Xiaogang Guo , Linyan Wang , Hang Zhou , Junfeng Xu , Liu An , Mengdong Ma , Rongxin Sun , Weidong Qin , Yufei Gao , Bing Liu , Baozhong Li , Lei Sun , Dongli Yu ·

YOU? · · 2025 · Open Access · · DOI: https://doi.org/10.3390/nano15171341 · OA: W4413895066

RMB6-TMB2 (RM = rare earth elements, TM = transition metal elements) composites retain superior field emission properties of RMB6 while addressing its inherent mechanical limitations by constructing a eutectic structure with TMB2. Herein, an in situ route for synthesizing RMB6-TMB2 composite nanopowders with homogeneous phase distribution using reduction reactions was proposed.
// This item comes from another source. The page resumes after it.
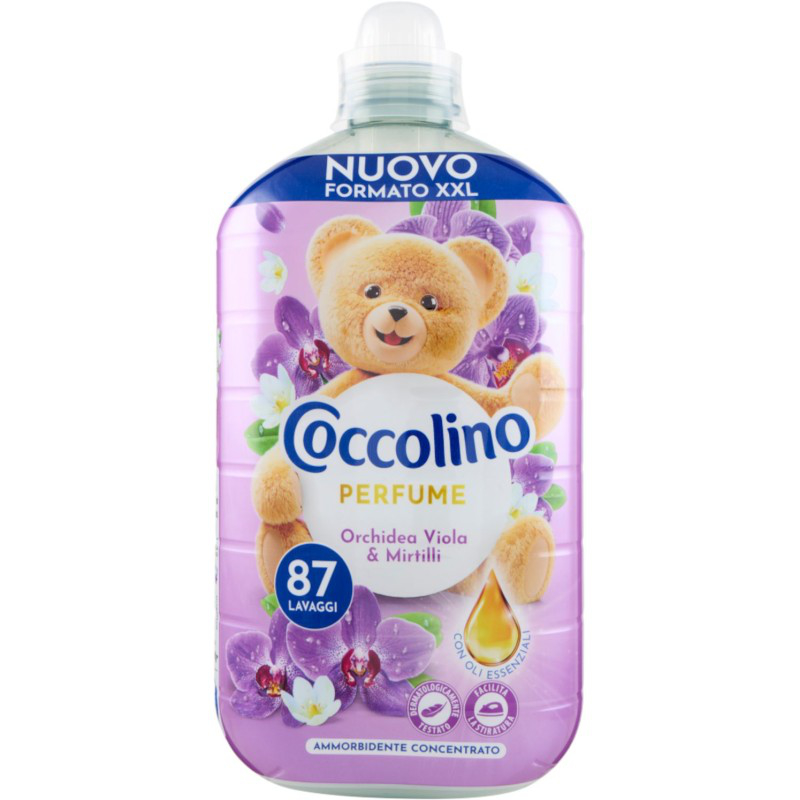 COCCOLINO AMMORBIDENTE CONCENTRATO 87 LAVAGGI ORCHIDEA VIOLA E MIRTILLI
The LaB6-ZrB2 composite nanopowders were synthesized in situ for the first time using sodium borohydride (NaBH4) as both a reducing agent and boron source, with lanthanum oxide (La2O3) and zirconium dioxide (ZrO2) serving as metal sources. The effects of the synthesis temperature on phase compositions and microstructure of the composites were systematically investigated. The LaB6-ZrB2 system with a eutectic weight ratio exhibited an accelerated reaction rate, achieving a complete reaction at 1000 °C, 300 °C lower than that of single-phase ZrB2 synthesis. The composite phases were uniformly distributed even at nanoscale. The composite powder displayed an average particle size of ~170 nm when synthesized at 1300 °C. With the benefit of the in situ synthesis method, LaB6-TiB2, CeB6-ZrB2, and CeB6-TiB2 composite powders were successfully synthesized. This process effectively addresses phase separation and contamination issues typically associated with traditional mixing methods, providing a scalable precursor for high-performance RMB6-TMB2 composites.